Hildegard Kleeb est celle qui m’a en quelque sorte rendu possible la découverte de Morton Feldman. D’autres lectures de For Bunita Marcus ont bien entendu été enregistrées : Aki Takahashi, John Tilbury, Stephane Ginsburgh en ont donné d’autres versions, toutes remarquables, ce qui ne m’aide pas à comprendre pourquoi la version de Kleeb est celle qui me parle le plus. L’ « ogre » Feldman impose évidemment une distance avec l’auditeur ; quant à Bunita Marcus, élève de Feldman à qui est explicitement dédiée cette pièce, elle a toujours refusé de la jouer en studio. C’est ainsi Hildegard Kleeb qui rend la chose possible : entendre la dédicace d’un compositeur à l’une de ses élèves arrachée aux circonstances – et aux « aléas », puisqu’il nous faut désormais prendre en considération le récent témoignage de Bunita Marcus à propos de ses relations conflictuelles avec Morton Feldman – qui l’ont vue naître. Ainsi, il a fallu qu’une pianiste suisse interprète « à distance » For Bunita Marcus pour que je puisse m’en approcher à mon tour.

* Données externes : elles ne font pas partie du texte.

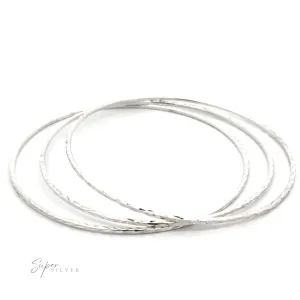 Dainty Squared Diamond Cut Bangle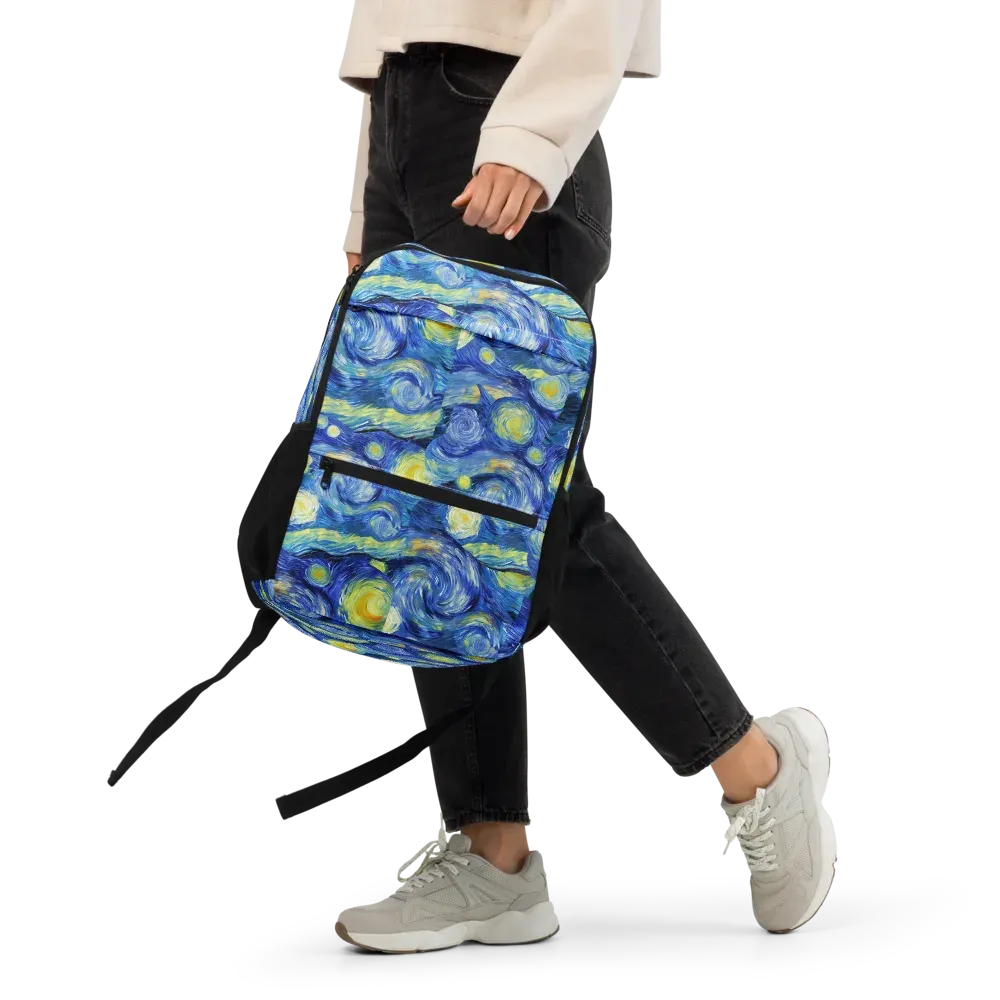 Cosmic Vortex on Utility Backpack — Front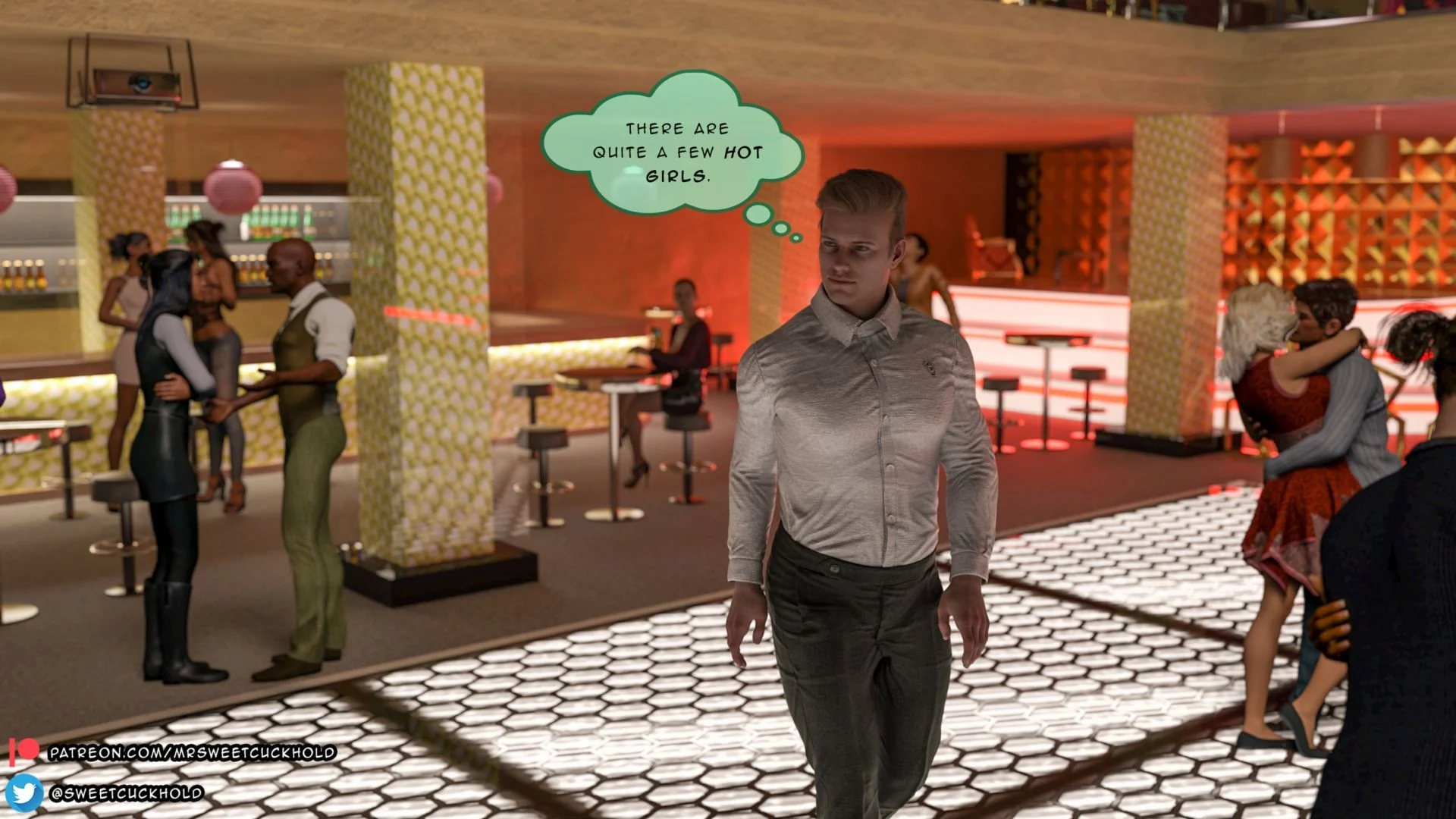 Much bigger than my boyfriend [Mr.SweetCuckhold] - Chapter 4 — Page 59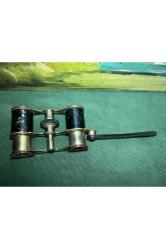 Fransız pirinç opera Dürbünü 9 cm 5,5 cm 2,5 cm ölçülerinde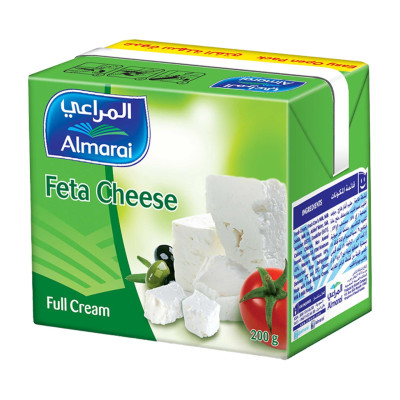 Almarai Full Cream Blocks Feta Cheese 200G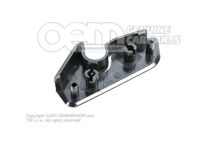 Držiak pre klapku saténový čierny (1)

Guillaume Belhomme, Morton Feldman For Bunita Marcus, éditions Chemin de ronde, mai 2023, 130 pages, 12 euros
A noter que dimanche 25 juin, à 20 h, la soirée “contemporaine” sur France Musique s’est ouverte par un concert d’archives consacré à Feldman. Arnaud Merlin, qui le produit, a pu enfin évoquer l’ouvrage de Guillaume Belhomme en introduction.